The combination of Aba, his hometown, and the heavy prominence of the rock scene in the area made East Nigeria a harbour for Ikonne’s research. Within the city, his work was coloured with the experiences of the many living old-timers of the period, as they had both vivid memories and photographic evidence. Although maintaining that the likes of the Beatles and James Brown were some of the most influential figures during the movement, Ikonne tells me about how the civil war had some influence too. The war, and the social disruption caused by it, brought an end to the older, traditional Highlife as the main musical idiom, and so opened up a space for rock to become mainstream. “Highlife had become driven by ethnic segregation, but rock was more democratic. It was for everybody”.
Ikonne confirms what my mother and grandmother’s lack of awareness of the genre indicates: the unremembered aftermath of the ’70s rock movement. “There is no rock legacy today. Most young Nigerians don’t know that Nigeria even had a booming rock scene to begin with.” In some ways, Fela Kuti’s popularity came about with rock’s demise. The pioneer of afrobeat, coupled with his avant-garde style and lyrics that unsilenced conversations of sexuality, sealed the fate of rock by the late 1970s—“His afrobeat overshadowed the rock revolution, starving it of exposure and attention”.
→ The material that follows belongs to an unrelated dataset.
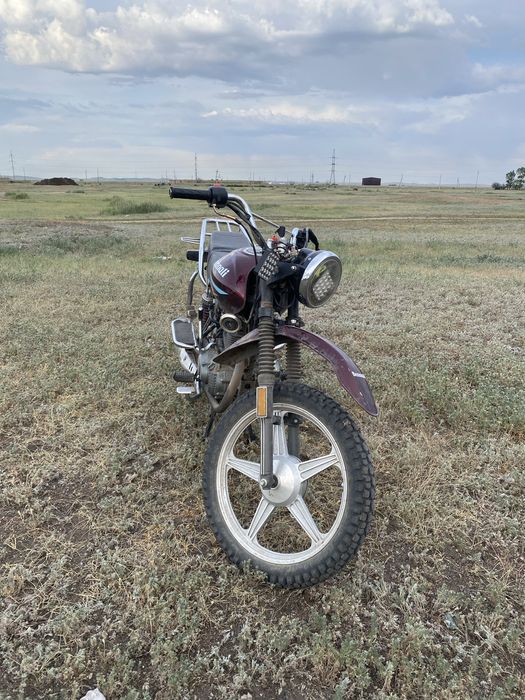 200кубов Bennali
Although Nigerian rock of the ’70s is mainly a product of the past, some music acts are still performing. Twin sisters Taiwo and Kehinde, forming The Lijadu Sisters, are one of the only musical acts from the era still active today. When combined with the lack of women within the ’70s subculture, it’s even more significant, with Ikonne telling me that “it was generally considered to be an unseemly world for young girls to be in the midst of, so they were very few and far between.” At first listen to these artists, I had a thrilling sense of recognition. I can’t speak Yoruba—I’ve never even been to Nigeria—but a few tracks on an obscure CD can connect you to cultural ancestors you never knew existed. And when I played the CD to both my mother, and then my grandmother, they both agreed.